DATA:

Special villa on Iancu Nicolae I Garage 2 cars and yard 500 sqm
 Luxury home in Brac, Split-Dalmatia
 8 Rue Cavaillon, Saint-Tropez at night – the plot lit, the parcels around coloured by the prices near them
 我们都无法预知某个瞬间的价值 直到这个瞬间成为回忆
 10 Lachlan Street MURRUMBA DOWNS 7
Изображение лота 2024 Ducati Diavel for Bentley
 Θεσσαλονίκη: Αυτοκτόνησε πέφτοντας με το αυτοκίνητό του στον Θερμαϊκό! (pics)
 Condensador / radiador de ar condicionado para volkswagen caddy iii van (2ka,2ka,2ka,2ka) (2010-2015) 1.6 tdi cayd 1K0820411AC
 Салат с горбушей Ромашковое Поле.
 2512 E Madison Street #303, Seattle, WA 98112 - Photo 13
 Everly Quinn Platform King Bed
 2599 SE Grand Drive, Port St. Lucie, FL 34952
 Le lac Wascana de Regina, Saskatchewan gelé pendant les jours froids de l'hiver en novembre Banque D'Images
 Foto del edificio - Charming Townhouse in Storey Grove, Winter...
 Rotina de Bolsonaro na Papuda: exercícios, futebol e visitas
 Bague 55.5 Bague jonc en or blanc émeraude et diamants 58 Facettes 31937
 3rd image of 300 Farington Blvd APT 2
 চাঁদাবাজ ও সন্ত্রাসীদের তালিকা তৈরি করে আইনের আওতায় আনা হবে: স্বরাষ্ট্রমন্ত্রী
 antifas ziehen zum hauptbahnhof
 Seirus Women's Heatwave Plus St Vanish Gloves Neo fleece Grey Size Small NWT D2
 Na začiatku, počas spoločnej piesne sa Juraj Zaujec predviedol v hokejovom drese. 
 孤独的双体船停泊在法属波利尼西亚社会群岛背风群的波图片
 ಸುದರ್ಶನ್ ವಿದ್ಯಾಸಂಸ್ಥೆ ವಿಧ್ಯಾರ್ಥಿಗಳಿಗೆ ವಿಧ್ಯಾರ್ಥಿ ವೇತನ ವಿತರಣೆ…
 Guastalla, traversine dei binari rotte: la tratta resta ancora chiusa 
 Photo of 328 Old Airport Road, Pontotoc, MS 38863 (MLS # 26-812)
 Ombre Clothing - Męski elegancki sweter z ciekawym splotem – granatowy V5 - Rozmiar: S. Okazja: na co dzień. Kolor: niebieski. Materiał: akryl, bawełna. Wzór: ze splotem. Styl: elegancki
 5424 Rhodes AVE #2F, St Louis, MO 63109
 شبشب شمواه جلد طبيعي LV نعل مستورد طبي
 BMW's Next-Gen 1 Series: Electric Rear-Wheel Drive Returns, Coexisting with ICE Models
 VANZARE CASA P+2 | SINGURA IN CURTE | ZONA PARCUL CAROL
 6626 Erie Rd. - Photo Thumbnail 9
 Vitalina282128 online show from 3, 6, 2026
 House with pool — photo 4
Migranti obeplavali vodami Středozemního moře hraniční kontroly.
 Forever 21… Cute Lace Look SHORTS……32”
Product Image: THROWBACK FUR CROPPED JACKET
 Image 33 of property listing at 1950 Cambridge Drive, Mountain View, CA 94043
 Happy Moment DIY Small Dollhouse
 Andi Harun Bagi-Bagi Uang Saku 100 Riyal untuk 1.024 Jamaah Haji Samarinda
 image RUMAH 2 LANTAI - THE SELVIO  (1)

TASK TO COMPLETE: Copy out only the lines of the records above from the one with "Guastalla, traversine dei" through the one with "BMW's Next-Gen 1", exactly as they stand, both included.

EXERCISE RESULT:
 Guastalla, traversine dei binari rotte: la tratta resta ancora chiusa 
 Photo of 328 Old Airport Road, Pontotoc, MS 38863 (MLS # 26-812)
 Ombre Clothing - Męski elegancki sweter z ciekawym splotem – granatowy V5 - Rozmiar: S. Okazja: na co dzień. Kolor: niebieski. Materiał: akryl, bawełna. Wzór: ze splotem. Styl: elegancki
 5424 Rhodes AVE #2F, St Louis, MO 63109
 شبشب شمواه جلد طبيعي LV نعل مستورد طبي
 BMW's Next-Gen 1 Series: Electric Rear-Wheel Drive Returns, Coexisting with ICE Models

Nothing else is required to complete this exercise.